The final category is subtitled Well Golly Gosh, Isn’t Nature Just Great. Of the many scientific discoveries being made all round the world all the time, once in a while a few catch the attention of a news editor: the gorilla that uses a stick to test the depth of a stream; the spider that plays possum to avoid being eaten by his mate; the insects that can cross patches of water without moving.

Now, to be fair, this sort of thing is what we expect from the press. Dog bites man isn’t a story, man bites dog is. But if you were an alien coming to this planet in an attempt to understand the creatures upon it and had nothing but the daily press to help you through, you’d get the impression that life on earth is in a constant flux of behavioural change and permanently on the brink of extinction.

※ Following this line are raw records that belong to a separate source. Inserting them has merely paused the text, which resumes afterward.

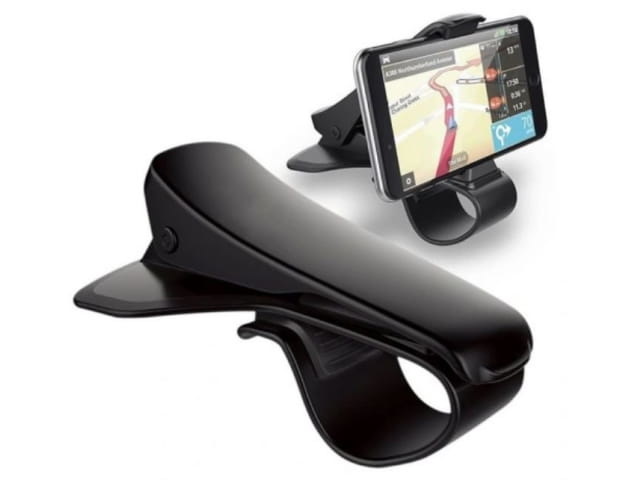 Universele Dashboard Smartphone Houder - Stevige clip - Gebruiksvriendelijk Top Merken Winkel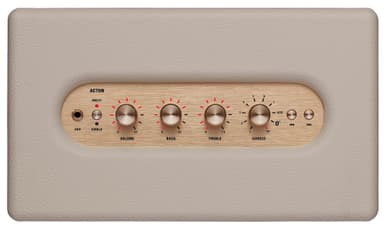 Marshall Acton multiroom højttaler (creme)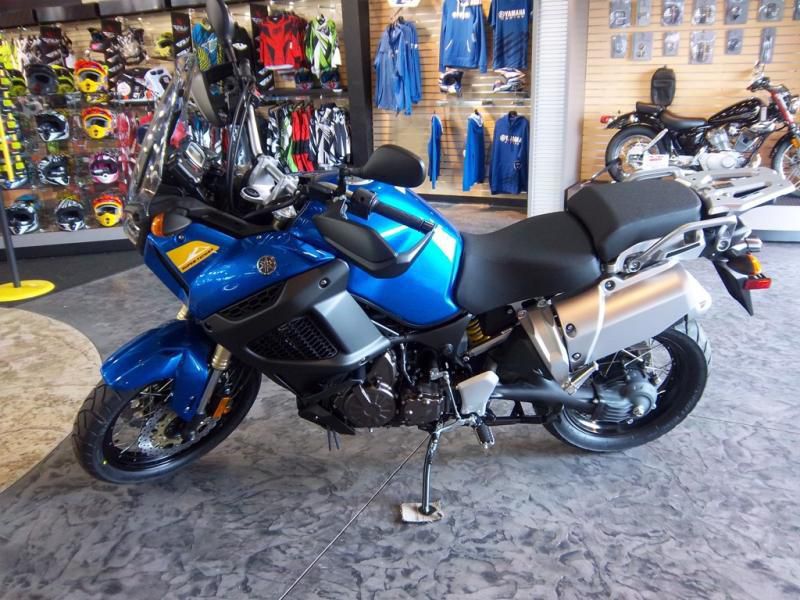 2012 Yamaha Super T n r Standard 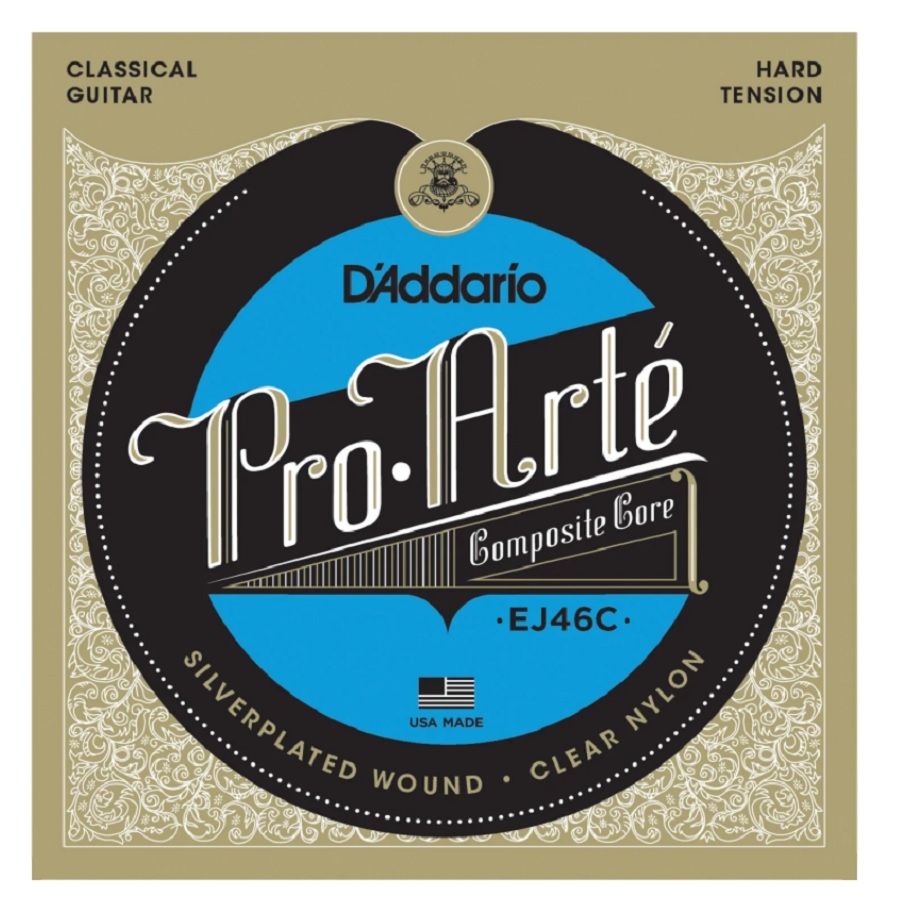 D'Addario EJ46C - Klassieke Snaren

You’d be right. You’d take back the information you’d pulled together, and you’d be able to give an account of how nature handled her days. Depending on your level of other-worldly intelligence, you might be able to work out that the struggle for survival has been the driving force of life on this planet for about three billion years, environmental forces being the phlogiston behind the flames of evolutionary change. You might report back to your superiors – perhaps with a wry smile on your mouths and a twinkle in your purple eye – that the latest environmental force, mankind, which is throwing up a whole host of brand new challenges for nature to deal with, is at least showing the decency to report what it’s doing. Everyone would tell you that you were a jolly good fellow, slap you on your exoskeleton, and file the planet Earth away as being yet another example of permanent natural strife and change.

But you’d have missed one thing. The visit by Stacey Clayton and her daughter when they found the living log in the duck pond wasn’t their first. They’d spent other afternoons there, simply feeding the ducks without incident. As have other people at other duck ponds for centuries. And none of them have ever made the newspapers. There is no battle for survival here, no newsworthy event of evolutionary or behavioural change, just the sweetness and innocence of the parochial, the harmless charm of the everyday, mirrored by people around the world as they remove themselves from the mundane and spend a little time with the wildlife on their doorstep.

That’s the human dichotomy, to destroy the planet we live on, and to love it at the same time. And then to write about it. And to all those aliens out there trying to understand life on earth, that’s your real story, right there.